▼▼▼

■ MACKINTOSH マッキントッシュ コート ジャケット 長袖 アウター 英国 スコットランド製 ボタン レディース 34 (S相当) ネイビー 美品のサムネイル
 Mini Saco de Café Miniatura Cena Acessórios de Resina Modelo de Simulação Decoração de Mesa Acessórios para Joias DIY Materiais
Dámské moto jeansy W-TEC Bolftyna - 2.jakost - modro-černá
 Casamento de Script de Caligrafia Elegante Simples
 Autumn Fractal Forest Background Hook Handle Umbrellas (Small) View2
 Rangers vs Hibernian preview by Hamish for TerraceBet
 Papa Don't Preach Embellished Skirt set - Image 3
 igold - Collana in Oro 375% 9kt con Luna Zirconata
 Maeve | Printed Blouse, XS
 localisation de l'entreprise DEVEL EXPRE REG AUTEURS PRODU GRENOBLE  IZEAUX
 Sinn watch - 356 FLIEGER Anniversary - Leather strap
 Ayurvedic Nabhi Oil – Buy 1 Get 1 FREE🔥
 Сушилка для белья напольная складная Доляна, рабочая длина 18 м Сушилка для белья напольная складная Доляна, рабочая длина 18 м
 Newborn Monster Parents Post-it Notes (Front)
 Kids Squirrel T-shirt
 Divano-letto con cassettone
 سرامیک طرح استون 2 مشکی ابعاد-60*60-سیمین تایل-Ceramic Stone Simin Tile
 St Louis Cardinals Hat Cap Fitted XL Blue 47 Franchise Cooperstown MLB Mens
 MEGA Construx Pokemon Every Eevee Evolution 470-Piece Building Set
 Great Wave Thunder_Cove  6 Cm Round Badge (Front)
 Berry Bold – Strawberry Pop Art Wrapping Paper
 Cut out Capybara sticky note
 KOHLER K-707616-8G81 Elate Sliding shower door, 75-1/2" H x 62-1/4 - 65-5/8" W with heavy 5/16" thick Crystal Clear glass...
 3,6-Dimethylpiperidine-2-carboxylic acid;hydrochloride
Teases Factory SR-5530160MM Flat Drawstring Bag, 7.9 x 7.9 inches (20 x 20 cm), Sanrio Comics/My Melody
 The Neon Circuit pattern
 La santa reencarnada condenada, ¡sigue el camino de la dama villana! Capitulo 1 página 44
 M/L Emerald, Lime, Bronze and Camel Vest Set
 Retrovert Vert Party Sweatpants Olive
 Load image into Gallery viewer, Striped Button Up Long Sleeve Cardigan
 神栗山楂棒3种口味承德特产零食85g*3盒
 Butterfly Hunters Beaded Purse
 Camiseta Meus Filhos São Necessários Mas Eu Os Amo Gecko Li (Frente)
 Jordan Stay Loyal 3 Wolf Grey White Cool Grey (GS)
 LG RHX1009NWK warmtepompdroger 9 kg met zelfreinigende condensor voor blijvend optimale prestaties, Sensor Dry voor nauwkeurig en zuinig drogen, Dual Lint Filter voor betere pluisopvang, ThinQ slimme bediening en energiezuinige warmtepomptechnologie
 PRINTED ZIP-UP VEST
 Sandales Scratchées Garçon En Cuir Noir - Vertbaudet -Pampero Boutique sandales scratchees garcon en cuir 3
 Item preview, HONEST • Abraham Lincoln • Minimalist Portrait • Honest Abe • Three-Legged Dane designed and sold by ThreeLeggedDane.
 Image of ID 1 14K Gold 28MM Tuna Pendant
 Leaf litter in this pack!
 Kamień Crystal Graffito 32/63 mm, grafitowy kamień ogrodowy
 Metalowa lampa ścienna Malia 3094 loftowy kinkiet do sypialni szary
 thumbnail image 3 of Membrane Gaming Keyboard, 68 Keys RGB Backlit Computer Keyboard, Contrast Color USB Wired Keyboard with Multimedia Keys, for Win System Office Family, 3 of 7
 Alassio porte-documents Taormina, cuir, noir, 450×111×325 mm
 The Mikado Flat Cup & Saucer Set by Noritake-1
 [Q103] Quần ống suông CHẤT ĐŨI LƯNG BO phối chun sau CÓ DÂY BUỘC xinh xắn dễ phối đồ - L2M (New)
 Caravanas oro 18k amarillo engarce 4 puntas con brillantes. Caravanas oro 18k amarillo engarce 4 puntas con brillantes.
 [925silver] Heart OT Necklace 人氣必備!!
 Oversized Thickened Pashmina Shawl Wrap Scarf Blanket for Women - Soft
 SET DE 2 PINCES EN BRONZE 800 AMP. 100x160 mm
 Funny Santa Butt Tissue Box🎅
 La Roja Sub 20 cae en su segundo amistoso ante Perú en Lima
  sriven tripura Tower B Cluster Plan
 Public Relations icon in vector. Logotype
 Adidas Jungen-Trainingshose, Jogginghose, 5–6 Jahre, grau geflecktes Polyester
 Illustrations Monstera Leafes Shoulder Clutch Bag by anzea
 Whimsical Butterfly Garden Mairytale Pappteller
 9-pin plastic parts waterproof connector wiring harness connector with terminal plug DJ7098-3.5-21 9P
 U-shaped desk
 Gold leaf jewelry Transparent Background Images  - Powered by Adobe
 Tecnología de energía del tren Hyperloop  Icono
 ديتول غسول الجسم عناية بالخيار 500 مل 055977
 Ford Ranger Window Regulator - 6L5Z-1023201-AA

▲▲▲

Task instructions. Show all lines in the records above that hold "Butterfly".

The completed task.
 Butterfly Hunters Beaded Purse
 Whimsical Butterfly Garden Mairytale Pappteller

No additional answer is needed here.